DISH President and CEO Summarizes Winning Formula: Give Consumers What They Want

WASHINGTON--(BUSINESS WIRE)-- On the occasion of being named a “Digital Patriot” by the Consumer Electronics Association, Joseph P. Clayton, president and CEO of DISH, today called on innovators to listen to consumers when designing new products and services.

“Over the years, I’ve adopted a radical business strategy that has often been challenged by many incumbent corporations: give the consumer what he or she wants. That’s a winning formula for success that implies embracing change, embracing technology, and most importantly embracing the consumer,” said Clayton, who is among the honorees at tonight’s ninth annual Digital Patriots Dinner staged by the Consumer Electronics Association (CEA).

Earlier this week DISH announced the proposed merger of DISH and Sprint, a combination that would bring together more than 200 MHz of valuable wireless spectrum and two iconic American brands.

“The advantages of combining the two great American brands of DISH and Sprint are clear: one national service that can offer in- and out-of-home wireless voice, video and data at one attractive retail price on one bill.

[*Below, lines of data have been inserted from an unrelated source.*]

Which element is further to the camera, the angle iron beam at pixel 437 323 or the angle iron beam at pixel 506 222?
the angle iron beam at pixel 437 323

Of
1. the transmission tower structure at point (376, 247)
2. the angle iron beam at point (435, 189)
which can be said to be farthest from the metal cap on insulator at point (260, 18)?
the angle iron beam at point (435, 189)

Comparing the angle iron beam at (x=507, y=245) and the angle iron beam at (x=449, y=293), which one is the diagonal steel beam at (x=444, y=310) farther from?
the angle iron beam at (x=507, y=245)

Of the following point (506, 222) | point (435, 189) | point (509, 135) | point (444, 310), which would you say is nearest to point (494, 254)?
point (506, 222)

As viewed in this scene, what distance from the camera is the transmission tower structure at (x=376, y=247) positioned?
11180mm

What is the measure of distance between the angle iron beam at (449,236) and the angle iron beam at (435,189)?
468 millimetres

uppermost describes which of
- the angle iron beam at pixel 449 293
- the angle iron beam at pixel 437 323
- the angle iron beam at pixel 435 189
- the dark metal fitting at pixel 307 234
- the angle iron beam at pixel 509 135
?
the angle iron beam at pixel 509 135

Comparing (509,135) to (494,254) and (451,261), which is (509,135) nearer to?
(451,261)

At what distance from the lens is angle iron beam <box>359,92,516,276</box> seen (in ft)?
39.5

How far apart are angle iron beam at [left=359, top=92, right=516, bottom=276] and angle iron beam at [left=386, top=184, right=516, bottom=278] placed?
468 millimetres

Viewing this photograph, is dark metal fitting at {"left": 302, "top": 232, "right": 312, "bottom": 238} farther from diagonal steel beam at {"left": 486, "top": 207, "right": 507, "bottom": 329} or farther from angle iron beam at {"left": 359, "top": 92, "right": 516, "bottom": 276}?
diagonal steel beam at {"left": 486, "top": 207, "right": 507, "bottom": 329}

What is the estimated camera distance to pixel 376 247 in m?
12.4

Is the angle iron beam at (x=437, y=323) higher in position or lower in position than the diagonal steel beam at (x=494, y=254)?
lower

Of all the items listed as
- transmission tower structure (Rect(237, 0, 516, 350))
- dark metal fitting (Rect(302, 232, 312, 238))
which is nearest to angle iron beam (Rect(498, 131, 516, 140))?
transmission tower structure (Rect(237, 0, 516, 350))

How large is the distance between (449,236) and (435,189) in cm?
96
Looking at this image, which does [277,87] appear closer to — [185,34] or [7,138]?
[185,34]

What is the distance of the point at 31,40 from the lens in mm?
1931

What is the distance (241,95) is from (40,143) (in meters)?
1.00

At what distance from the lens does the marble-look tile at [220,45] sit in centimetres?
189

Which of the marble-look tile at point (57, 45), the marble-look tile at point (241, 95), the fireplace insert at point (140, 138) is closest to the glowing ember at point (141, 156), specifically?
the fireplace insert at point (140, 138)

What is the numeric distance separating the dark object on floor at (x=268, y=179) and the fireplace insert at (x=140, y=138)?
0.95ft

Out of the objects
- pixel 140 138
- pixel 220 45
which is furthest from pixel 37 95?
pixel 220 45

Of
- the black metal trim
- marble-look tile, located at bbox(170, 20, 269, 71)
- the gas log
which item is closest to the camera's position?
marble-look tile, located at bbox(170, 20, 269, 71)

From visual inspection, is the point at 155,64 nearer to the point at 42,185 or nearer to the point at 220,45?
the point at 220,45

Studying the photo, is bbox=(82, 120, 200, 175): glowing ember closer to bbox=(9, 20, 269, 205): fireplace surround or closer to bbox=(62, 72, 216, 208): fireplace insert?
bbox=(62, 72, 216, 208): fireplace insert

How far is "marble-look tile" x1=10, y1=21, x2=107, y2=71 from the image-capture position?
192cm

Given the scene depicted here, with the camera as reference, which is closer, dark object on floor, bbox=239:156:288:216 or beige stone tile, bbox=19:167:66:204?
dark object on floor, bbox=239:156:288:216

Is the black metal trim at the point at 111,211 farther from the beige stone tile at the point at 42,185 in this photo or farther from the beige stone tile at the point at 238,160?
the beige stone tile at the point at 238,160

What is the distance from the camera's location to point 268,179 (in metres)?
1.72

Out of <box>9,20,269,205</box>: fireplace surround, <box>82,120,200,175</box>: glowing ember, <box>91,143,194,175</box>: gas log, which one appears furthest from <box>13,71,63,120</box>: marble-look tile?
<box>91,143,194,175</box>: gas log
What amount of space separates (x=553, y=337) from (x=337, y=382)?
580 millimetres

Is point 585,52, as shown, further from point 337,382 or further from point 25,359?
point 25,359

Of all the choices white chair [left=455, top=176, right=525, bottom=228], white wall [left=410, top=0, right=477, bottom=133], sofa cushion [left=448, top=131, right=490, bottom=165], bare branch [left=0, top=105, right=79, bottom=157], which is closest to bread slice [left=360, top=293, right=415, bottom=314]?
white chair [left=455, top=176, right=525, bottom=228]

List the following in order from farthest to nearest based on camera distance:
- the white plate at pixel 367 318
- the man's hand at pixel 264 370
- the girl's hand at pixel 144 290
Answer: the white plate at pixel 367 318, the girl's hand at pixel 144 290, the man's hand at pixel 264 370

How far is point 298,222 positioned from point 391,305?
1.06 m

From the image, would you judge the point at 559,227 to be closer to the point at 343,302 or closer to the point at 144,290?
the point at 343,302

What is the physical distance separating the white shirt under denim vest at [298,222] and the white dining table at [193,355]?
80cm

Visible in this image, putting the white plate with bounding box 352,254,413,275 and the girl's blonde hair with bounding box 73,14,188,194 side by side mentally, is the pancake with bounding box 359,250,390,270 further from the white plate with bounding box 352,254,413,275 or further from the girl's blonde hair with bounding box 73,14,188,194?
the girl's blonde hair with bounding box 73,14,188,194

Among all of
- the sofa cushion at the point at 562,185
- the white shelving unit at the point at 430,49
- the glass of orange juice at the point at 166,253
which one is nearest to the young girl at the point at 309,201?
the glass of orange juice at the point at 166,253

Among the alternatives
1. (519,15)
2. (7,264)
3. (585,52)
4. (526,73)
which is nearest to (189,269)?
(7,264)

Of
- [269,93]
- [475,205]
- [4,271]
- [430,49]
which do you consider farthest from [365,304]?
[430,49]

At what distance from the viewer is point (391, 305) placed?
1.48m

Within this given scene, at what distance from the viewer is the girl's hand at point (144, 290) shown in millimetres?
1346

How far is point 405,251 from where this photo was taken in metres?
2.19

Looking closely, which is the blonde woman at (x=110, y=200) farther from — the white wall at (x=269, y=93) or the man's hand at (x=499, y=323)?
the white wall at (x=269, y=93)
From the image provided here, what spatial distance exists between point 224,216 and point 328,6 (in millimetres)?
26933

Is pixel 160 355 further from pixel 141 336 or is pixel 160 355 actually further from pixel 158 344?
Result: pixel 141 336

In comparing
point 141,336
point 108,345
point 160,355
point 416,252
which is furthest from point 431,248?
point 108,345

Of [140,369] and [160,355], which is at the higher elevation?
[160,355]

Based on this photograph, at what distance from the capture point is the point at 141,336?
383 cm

We would have the ability to reach consumers wherever they go with services that are easy to understand, affordable, and available anywhere – from the biggest cities to the far reaches of rural America, where DISH was born,” Clayton explained as he outlined the benefits of the proposed merger.

A 40-year veteran of the consumer electronics, telecommunications and satellite communications industries, Clayton is the president and chief executive officer of DISH and serves on the company’s board of directors. Prior to joining DISH in 2011, Clayton was chief executive officer of Sirius Satellite Radio Inc. from 2001 through 2004, then Chairman until 2008. Throughout his career, he was instrumental in the discovery and implementation of numerous consumer electronics products including the VCR, DVDs, satellite TV, HDTV and satellite radio. Clayton was a four-year member of the EchoStar Board of Directors and a former Chairman of CEA.

Clayton notes that the American corporate graveyard is crowded with dead companies who failed to accept the basic tenet of giving the consumer what the consumer wants, recalling how the videocassette recorder was opposed by programmers, broadcasters and studios – only to later become a “cash cow” as consumer embraced home video technology.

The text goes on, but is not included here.